Foods to eat when pregnant? Consuming the right nutrients is extremely important. Especially to ensure your baby is getting the necessary nutrients.
In general, there aren’t many food limitations for pregnant women. However, there are some that you should completely avoid due to them either causing miscarriages, stillbirths or other serious health complications.

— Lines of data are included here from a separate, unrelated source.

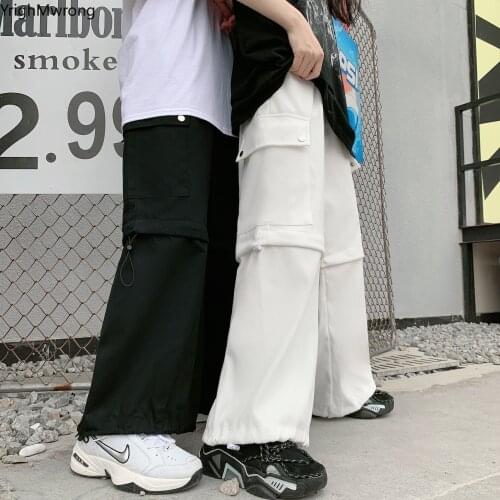 Harajuku Streetwear Korean removable Zipper Loose Hip Hop Cargo Pocket Jogger Pant Techwear Plus Size Woman Man Punk Solid Wide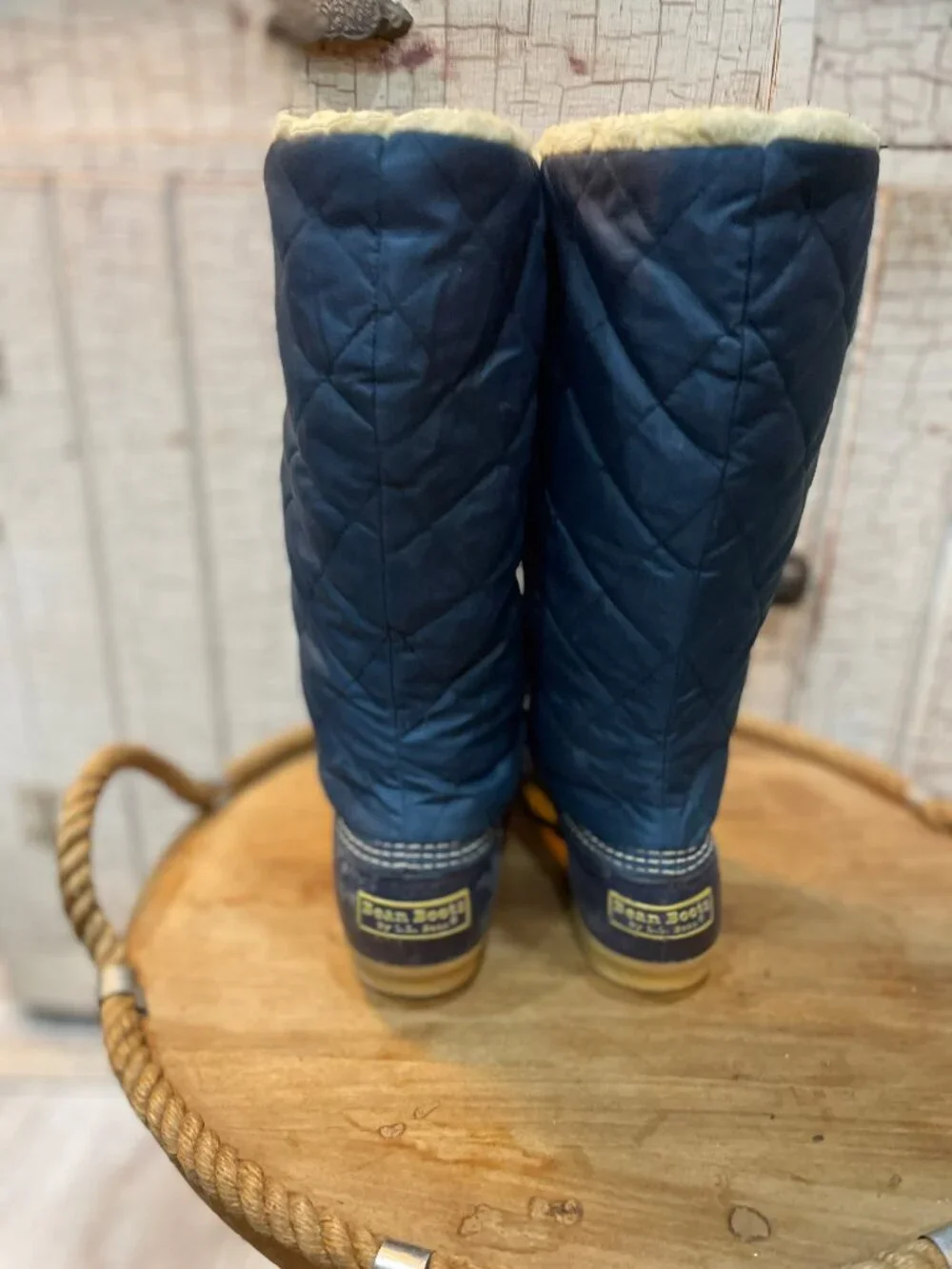 Vintage LL Bean Womens Quilted Duck Boots Blue Sherpa Lined Winter Boots 8 - Picture 5 of 9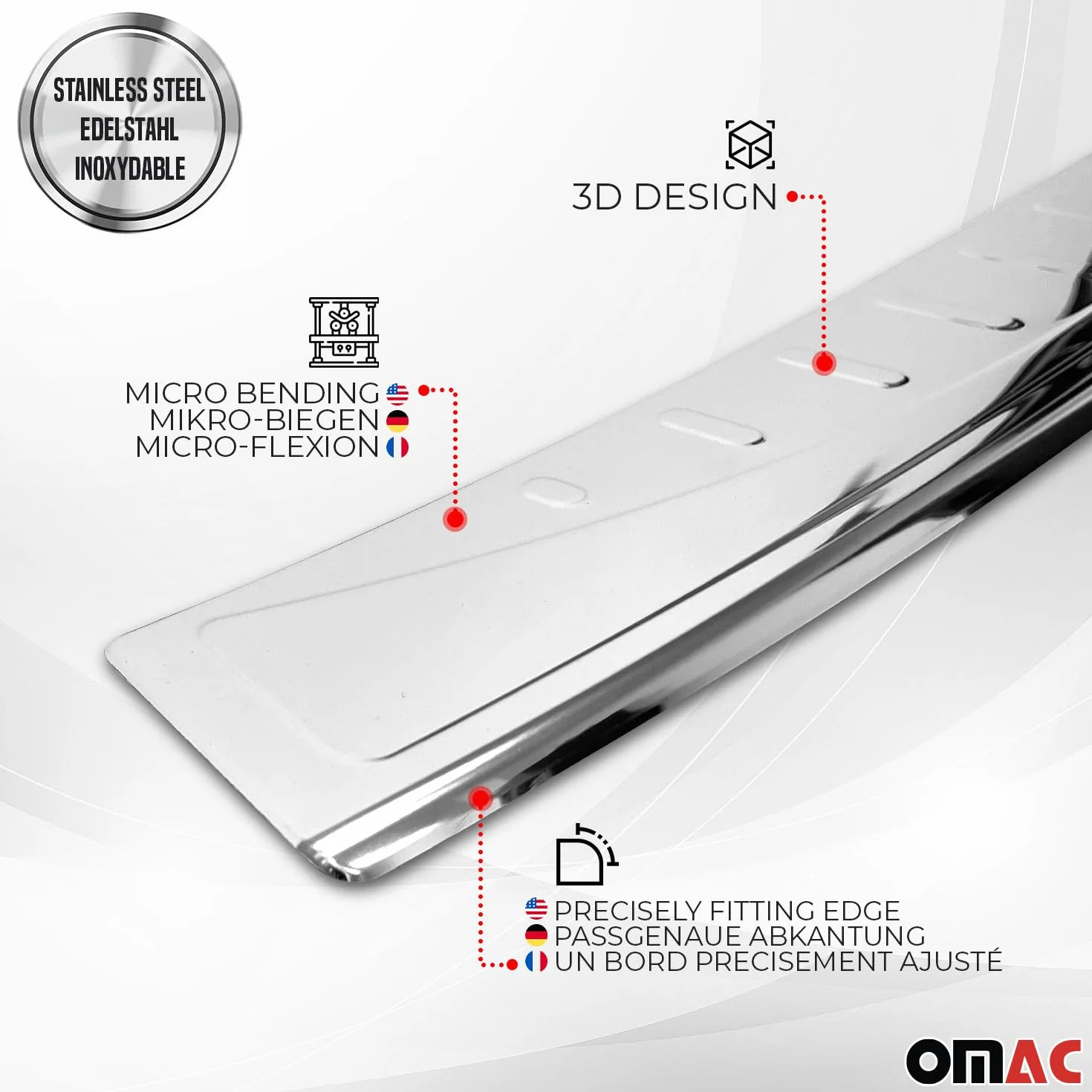 OMAC Protezione Soglia Baule Protezione Paraurti compatibile con VW T7 Multivan 2021-2026 Cromato Acciaio Inox Argento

Here’s a list of food items you should NOT eat when pregnant:
RAW FISH
Avoid raw seafood such as poke, oysters, caviar etc. As they may interfere with the baby’s brain and nervous system.
FISH HIGH IN MERCURY
Examples include shark, tuna, and swordfish.
ALCOHOL
Consuming alcohol when pregnant increases the risk of miscarriages, stillbirths and fetal alcohol syndrome.
UNDERCOOKED MEAT
Always make sure your meat is cooked thoroughly. When eating outside always opt for well cooked steak or meat of your choice.

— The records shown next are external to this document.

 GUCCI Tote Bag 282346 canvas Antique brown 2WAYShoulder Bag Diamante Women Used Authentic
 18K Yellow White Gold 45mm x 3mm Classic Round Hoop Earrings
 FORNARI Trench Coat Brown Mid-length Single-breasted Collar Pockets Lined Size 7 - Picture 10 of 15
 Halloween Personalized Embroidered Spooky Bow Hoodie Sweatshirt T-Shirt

UNPASTEURIZED JUICES, CHEESE AND MILK
Avoid all kinds of soft cheese such as brie, queso fresco, queso blanco etc. as they increase the risk of bacterial infections.
RAW SPROUTS
Raw sprouts may be filled with bacteria that is nearly impossible to remove.
DELI MEAT
Deli meat may be infected with Listeria which is a bacteria that crosses through your placenta and can effect your developing baby.

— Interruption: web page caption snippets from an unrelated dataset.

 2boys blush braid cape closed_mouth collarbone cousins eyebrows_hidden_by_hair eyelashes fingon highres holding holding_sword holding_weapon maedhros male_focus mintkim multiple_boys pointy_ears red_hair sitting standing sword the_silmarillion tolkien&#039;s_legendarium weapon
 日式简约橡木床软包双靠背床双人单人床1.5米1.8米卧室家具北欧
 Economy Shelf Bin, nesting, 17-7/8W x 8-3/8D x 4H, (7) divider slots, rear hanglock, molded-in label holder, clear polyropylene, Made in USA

UNWASHED FRUITS AND VEGETABLES
Fruits and vegetables may be contaminated with bacteria such as Toxoplasma therefore, it’s crucial that you thoroughly rinse all of your produce.
Instead, focus on consuming these highly nutritious food items:
These are the foods to eat when pregnant:
SWEET POTATOES
An excellent source of vitamin A that is integral in the growth of cells in your fetus.
SALMON
Omega 3 is extremely beneficial not only for the mother but also in the development of the baby’s brain and eye development.
AVOCADOS
Helps in relieving leg cramps that is common in pregnant women AND has been linked to improving fetal health.
BROCCOLI
Rich in vitamin C, iron, calcium, and disease fighting antioxidants all of which are essential for a healthy pregnancy.
BANANAS
An excellent source of potassium and often aids with pregnancy fatigue.
WALNUTS
Filled with omega 3 , magnesium, folate, healthy fats, and vitamin E all of which aid in the baby’s brain development.
YOGURT
Incorporating yogurt in your diet may reduce your baby’s risk of developing eczema and other allergies later in life.
WATER
You will need to consume twice the amount of water to avoid dehydration and other complications during your pregnancy.